A general optimisation question can be formulated by asking to minimise an objective function [math]f : \mathbb{R}^n \to \mathbb{R}[/math], which means finding: \begin{align*} x^* = \mathrm{argmin}_{x \in \mathbb{R}^n} f(x) \end{align*}

Depending on the nature of [math]f[/math], different settings may be considered:

- Convex vs non-convex objective functions;
- Differentiable vs non-differentiable objective functions;
- Allowed function or gradient computations;
- Noisy/Stochastic oracle access.

For the purpose of this paper, we consider convex smooth objective noiseless functions, where we have access to function computations but not gradient computations.

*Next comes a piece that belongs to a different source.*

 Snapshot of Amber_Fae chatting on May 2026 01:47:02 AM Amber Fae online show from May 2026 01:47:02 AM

This class of functions is quite common in practice; for instance, they make special appearances in the reinforcement learning literature.

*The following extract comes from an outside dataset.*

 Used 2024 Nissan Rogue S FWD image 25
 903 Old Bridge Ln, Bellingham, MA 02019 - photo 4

To be even more precise, in our context we let [math]K \subseteq \mathbb{R}^n[/math] be compact [math]f : K \to \mathbb{R}[/math] be [math]\beta[/math]-smooth and [math]\alpha[/math]-strongly convex.

**Definition 1**

A convex continuously differentiable function [math]f : K \to \mathbb{R}[/math] is [math]\alpha[/math]-strongly convex for [math]\alpha \gt 0[/math] if \begin{align*} f(y) \geq f(x) + \left\langle \nabla f(x), y-x\right\rangle + \frac{\alpha}{2} ||y - x||^2 \end{align*} for all [math] x,y \in K [/math]. It is called [math]\beta[/math]-smooth for [math]\beta \gt 0[/math] if \begin{align*} f(y) \leq f(x) + \left\langle \nabla f(x), y-x\right\rangle + \frac{\beta}{2} || y - x||^2 \end{align*} for all [math] x,y \in K [/math]

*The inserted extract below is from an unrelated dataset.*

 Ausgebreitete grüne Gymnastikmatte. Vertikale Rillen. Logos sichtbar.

We remark that if [math]f[/math] is twice continuously differentiable, this is simply equivalent to the eigenvalues of the Hessian matrix [math]Hf[/math] being bounded between [math]\alpha[/math] and [math]\beta[/math]. Further intuition can be gained from the image below, showing how such a function can be contained within quadratic bounds.

In convex analysis, one usually says that a function has condition number [math]Q[/math] if it is both [math]\alpha[/math]-strongly convex, and [math]\beta[/math]-smooth, and [math]\frac{\beta}{\alpha} \leq Q[/math]. The authors of this paper consider the more general case where [math]f[/math] is a monotone transformation of a [math]\alpha[/math]-strongly convex and [math]\beta[/math]-smooth function; for simplicity and transparency, we shall not consider these extensions here, but shall note that their proofs are quite elementary.

### Zeroth-Order Optimisation

In zeroth-order optimisation, we are interested in minimising a function without computing its derivatives. This is important in many practical applications in which derivatives may not be available or they may be difficult to compute, such as:

- Combinatorial (i.e. discrete) optimisation
- Instances of non-analytic loss functions (e.g. hyperparameter tuning)
- Adversarial attacks
- Reinforcement learning

Curiously, a large amount of this approach focuses on approximating gradients and then using first-order optimisation algorithms.

This paper presents a purely gradientless algorithm, proposes a geometric approach to analyse the algorithm, and proves a [math]O( k Q \log (n / \epsilon ))[/math] convergence bound.

## GradientLess Descent Algorithm

The proposed algorithm is given in the picture below.

Observe that at each step, we perform binary search over several concentric circles and randomly sample points, in the hopes that if we take a small step in a random direction this will reduce the value of the objective function.

## Proof of correctness

The correctness of this algorithm hinges on two observations. The first one is about the volume of the intersection of high-dimensional balls; we call this intersection a hyperspherical cap.

**Theorem 1**

Let [math]B_1, B_2 \subseteq \mathbb{R}^n[/math] be balls of radii [math]r_1, r_2[/math]. Let [math]\ell[/math] be the distance between the centres. If [math]r_1 \in \left[ \frac{\ell}{2 \sqrt{n}} , \frac{\ell}{\sqrt{n}} \right][/math] and [math]r_2 \geq \ell - \frac{\ell}{4n}[/math], then [math]\lambda (B_1 \cap B_2) \geq c_n \lambda (B_1)[/math], where [math]c_n \geq \frac{1}{4}[/math].